Digital & Technology

PwC study reveals that Majority of customers likely to stick to existing primary banking relationship after opening digital bank accounts

With digital banks set to come into play in Hong Kong, Malaysia and Singapore, there is a wide level of awareness amongst customers, according to PwC. Interest is varied across the board with younger (over 70% of 18-39-year olds) and high income groups (70% of those in the high income bracket) indicating that they were ‘very interested’ or ‘interested’ in opening a digital bank account.

These findings are from the Singapore cut of PwC’s digital banking customer insights study, which can be found HERE. The study surveyed over 4,500 customers across Singapore, Hong Kong and Malaysia.

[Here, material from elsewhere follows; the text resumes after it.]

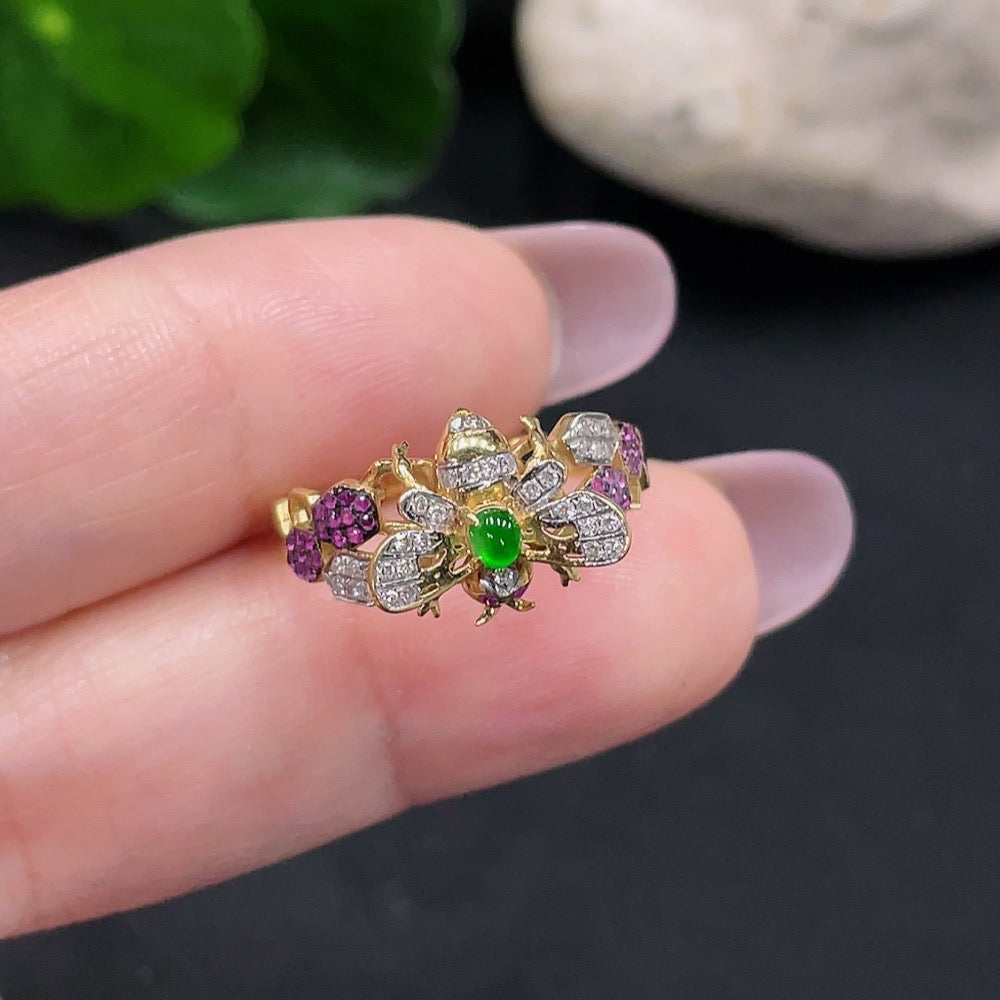 Jadeite Inlaid Ring Size 12 71% Gold Content Total Weight Approx. 2.4g (Inlaid with Colorless Diamonds)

Sam Kok Weng, Singapore Financial Services Leader, PwC, said “The disruption brought about by digital banks is good for customers. This will not only result in better product offerings, but will lead to improved and personalised service as well. Incumbent banks are very aware of this threat and are also acting to better understand and deliver on their customers' needs.”

When customers in Singapore were asked if they would open a virtual bank account, respondents were cautious. 40% of respondents indicated that they would only consider opening a bank account with a digital bank once it is popular and successful. Even if customers opened a virtual bank account, only 33% of customers said that they would make it their primary bank (endnote 1), with the majority (67%) indicating that they would choose to retain their existing bank as their main bank.

The report clearly showed that while many customers would keep their existing bank as the primary one, they did face frustrations with these banks. Some of these issues included long queue times (42%), long wait times on the hotline (23%) and the inability to perform banking functions online (13%).

Unsurprisingly, customers with more pain points were more interested in opening a digital bank account. This figure was about half (53%) among respondents who had no pain points and rose to three quarters (77%) among those that had three or more pain points.

In terms of financial features that would attract customers, the one that came on top was better rates on deposit and lending (49%) followed by quick and easy online customer service (42%) and a better mobile/ digital experience (40%).

In addition to financial features, 66% of Singapore customers are “interested” or “very interested” in having their digital bank offer non-financial features. These non-financial areas were broken down into four categories. As an e-commerce platform, the top interests were in purchasing plane, train and bus tickets (54%), health care and illness consultation (54%) and coupons for shops and restaurants (48%). The other non-financial categories in the report include travel-concierge, financial education and personal life coaching services.

“To ensure their long-term success, it is critical for digital banks to have a strong proposition that goes beyond offering traditional financial services, but also engages with their customers on a more holistic level. This will be particularly important as customers are increasingly calling for integrated platforms that offer a full suite of lifestyle services. he challenge, though, is the ability of the digital banks to execute and bring to life their various offerings in a seamless platform with differentiated customer experiences,” commented Sam Kok Weng.

When it comes to data and financial security, Singapore customers were more wary as compared to their counterparts in Malaysia, with 55% of Singapore customers willing to share personal data with their digital banks. Furthermore, 34% of customers indicated that they do not trust digital banks with personal data security and 30% did not trust their financial stability.

Younger and more affluent banking customers are already using self-service channels for day-to-day banking transactions. For this group, the transition towards digital banking is expected to be smoother. However, this does not mean that human interaction is no longer important.

Respondents indicated that human touchpoints were crucial in more impactful and complex situations such as emergencies (64%), wealth management (63%), mortgage (58%), and insurance (56%) related transactions. The majority of customers also indicated that they prefer to do their own research and analysis when making investment decisions (63%) with only 38% saying they would also turn to their financial advisors.

In light of this, digital banks will need to consider how they provide a human touch, including financial advisory services for more complex transactions, through digital channels.

Andrew Taggart, Southeast Asia Financial Services Consulting Leader, PwC, said “Although customers have shown their interest in opening a digital bank account, digital banks should expect to see lots of trialling in the short run, as customers test out the different digital banks and what they have to offer. To attract customers during this period, digital banks are likely to offer attractive rates and promotions that could erode their margins and possibly impact the industry margins as well.”

It suggests that both incumbents and challengers need to have a customer centric mindset with the right formula that combines business strategy and customer insights with innovation, leading technologies, and the appropriate risk and control frameworks, in order to differentiate themselves from the other players in the market.

“Digital banks should put customers at the heart of what they offer. Having spectacular rates for example helps acquire customers in the short-run. But, to be successful in the long run, digital banks need to create ongoing engagement with their customers. And it will require banks to understand each customer and provide them with what they expect from personalised financial and non-financial products and services, through to a seamless customer experience,” concludes Taggart.